◆ **PROBLEM REQUIREMENTS**
Below are entries; output exactly the lines from the one with "Jackie Chan signed" to the one with "5,1 cm (Voorkant)", both included, and nothing else.

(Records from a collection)
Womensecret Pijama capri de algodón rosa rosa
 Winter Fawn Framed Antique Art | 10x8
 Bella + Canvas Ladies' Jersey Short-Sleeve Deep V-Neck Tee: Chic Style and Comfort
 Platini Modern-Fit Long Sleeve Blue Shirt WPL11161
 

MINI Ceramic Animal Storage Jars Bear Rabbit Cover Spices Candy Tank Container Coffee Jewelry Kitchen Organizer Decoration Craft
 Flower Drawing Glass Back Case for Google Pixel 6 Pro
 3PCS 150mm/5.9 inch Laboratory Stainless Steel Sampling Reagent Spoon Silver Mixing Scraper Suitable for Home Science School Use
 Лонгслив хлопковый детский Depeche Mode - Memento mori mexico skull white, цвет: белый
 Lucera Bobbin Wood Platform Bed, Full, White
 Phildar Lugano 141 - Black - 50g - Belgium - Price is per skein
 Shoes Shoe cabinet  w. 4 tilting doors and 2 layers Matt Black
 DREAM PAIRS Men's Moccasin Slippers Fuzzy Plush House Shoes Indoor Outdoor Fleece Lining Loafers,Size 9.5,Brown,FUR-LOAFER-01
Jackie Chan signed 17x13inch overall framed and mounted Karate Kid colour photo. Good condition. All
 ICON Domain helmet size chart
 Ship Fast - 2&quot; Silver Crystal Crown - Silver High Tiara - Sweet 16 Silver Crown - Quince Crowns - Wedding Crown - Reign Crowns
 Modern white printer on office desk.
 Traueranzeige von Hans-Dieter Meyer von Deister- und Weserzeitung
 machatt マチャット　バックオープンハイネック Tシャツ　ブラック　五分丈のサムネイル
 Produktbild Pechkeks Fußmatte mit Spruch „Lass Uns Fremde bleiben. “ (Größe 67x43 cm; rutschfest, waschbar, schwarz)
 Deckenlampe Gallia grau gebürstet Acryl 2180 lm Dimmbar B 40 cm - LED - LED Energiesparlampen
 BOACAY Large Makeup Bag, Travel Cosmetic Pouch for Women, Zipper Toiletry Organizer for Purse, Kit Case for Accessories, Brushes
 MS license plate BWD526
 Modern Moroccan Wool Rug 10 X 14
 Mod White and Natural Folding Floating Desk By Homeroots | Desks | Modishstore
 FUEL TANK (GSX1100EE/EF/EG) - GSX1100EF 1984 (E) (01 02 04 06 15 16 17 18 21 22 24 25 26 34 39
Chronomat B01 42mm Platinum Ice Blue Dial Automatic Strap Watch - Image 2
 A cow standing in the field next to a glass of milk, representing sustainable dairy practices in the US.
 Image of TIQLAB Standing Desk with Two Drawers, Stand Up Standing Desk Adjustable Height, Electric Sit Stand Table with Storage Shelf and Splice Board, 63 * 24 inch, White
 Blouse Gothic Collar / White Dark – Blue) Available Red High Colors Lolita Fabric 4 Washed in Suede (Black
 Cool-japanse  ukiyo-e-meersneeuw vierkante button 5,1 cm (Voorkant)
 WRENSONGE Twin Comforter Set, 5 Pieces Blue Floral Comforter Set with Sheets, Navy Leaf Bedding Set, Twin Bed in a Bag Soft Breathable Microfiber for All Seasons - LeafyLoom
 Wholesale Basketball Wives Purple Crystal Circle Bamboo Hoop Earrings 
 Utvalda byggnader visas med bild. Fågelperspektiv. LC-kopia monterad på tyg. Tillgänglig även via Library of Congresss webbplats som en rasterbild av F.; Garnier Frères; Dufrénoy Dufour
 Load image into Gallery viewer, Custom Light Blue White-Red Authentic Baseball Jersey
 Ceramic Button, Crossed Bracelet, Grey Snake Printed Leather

◆ **REPLY TO THE TASK**
Jackie Chan signed 17x13inch overall framed and mounted Karate Kid colour photo. Good condition. All
 ICON Domain helmet size chart
 Ship Fast - 2&quot; Silver Crystal Crown - Silver High Tiara - Sweet 16 Silver Crown - Quince Crowns - Wedding Crown - Reign Crowns
 Modern white printer on office desk.
 Traueranzeige von Hans-Dieter Meyer von Deister- und Weserzeitung
 machatt マチャット　バックオープンハイネック Tシャツ　ブラック　五分丈のサムネイル
 Produktbild Pechkeks Fußmatte mit Spruch „Lass Uns Fremde bleiben. “ (Größe 67x43 cm; rutschfest, waschbar, schwarz)
 Deckenlampe Gallia grau gebürstet Acryl 2180 lm Dimmbar B 40 cm - LED - LED Energiesparlampen
 BOACAY Large Makeup Bag, Travel Cosmetic Pouch for Women, Zipper Toiletry Organizer for Purse, Kit Case for Accessories, Brushes
 MS license plate BWD526
 Modern Moroccan Wool Rug 10 X 14
 Mod White and Natural Folding Floating Desk By Homeroots | Desks | Modishstore
 FUEL TANK (GSX1100EE/EF/EG) - GSX1100EF 1984 (E) (01 02 04 06 15 16 17 18 21 22 24 25 26 34 39
Chronomat B01 42mm Platinum Ice Blue Dial Automatic Strap Watch - Image 2
 A cow standing in the field next to a glass of milk, representing sustainable dairy practices in the US.
 Image of TIQLAB Standing Desk with Two Drawers, Stand Up Standing Desk Adjustable Height, Electric Sit Stand Table with Storage Shelf and Splice Board, 63 * 24 inch, White
 Blouse Gothic Collar / White Dark – Blue) Available Red High Colors Lolita Fabric 4 Washed in Suede (Black
 Cool-japanse  ukiyo-e-meersneeuw vierkante button 5,1 cm (Voorkant)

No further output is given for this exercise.